Okay, now that I’ve debunked the tomato juice myth, cried a little over your ravaged lawn, and mentioned rabies… Let me explain why the skunk isn’t ONLY your enemy.
In the summer, they mainly feed on grasshoppers, crickets, and insect larvae, but they also sometimes hunt small mammals and snakes. Basically, they’re opportunistic omnivores: they adapt their diet according to the season and what’s available. Kind of like when I’m hungry while hiking and eat whatever I find growing along the trail! The look on the faces of other hikers (who don’t know which plants are edible) is absolutely fantastic!
The great thing about skunks is that they are natural exterminators. They eat everything that can bother your garden: white worms, field mice, voles, slugs, etc. Plus, since they’re naturally shy, they won’t come rummaging through your trash if they have access to a buffet elsewhere. Encourage biodiversity: they may abandon your trash cans and lawns to eliminate pests in your beautiful, diverse garden.
Conclusion: The Art of Cohabitation
Looking back, that evening when my dog almost got perfumed taught me something important. This Zen skunk wasn’t aggressive because it wasn’t stressed. She was in her natural environment, probably even on her usual territory, and must have already known my dogs’ scent. Their silent exchange can be summed up as follows:
- What do you want?
- Oh, it’s you who stinks! Cool to put a face to your smell.
- Likewise, bro
- Okay, well, that’s it then, see you later!

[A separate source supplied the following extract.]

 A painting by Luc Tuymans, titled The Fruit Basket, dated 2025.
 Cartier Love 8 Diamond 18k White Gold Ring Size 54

Perhaps the secret to cohabitation is precisely this: stop seeing skunks as enemies and start seeing them as neighbors. Neighbors with a slightly intense self-defense system, sure, but neighbors nonetheless!
So next time you come across one, think twice before running away or chasing it away with a broom (6 meters/20 feet is its spray range, remember!). Instead, observe it: you might discover, as I did, that it’s not as dangerous as people say.
Tell me in the comments: have you ever had an encounter with a skunk? How did it go? I can’t wait to read your stories, I have a feeling they’re going to be delicious!!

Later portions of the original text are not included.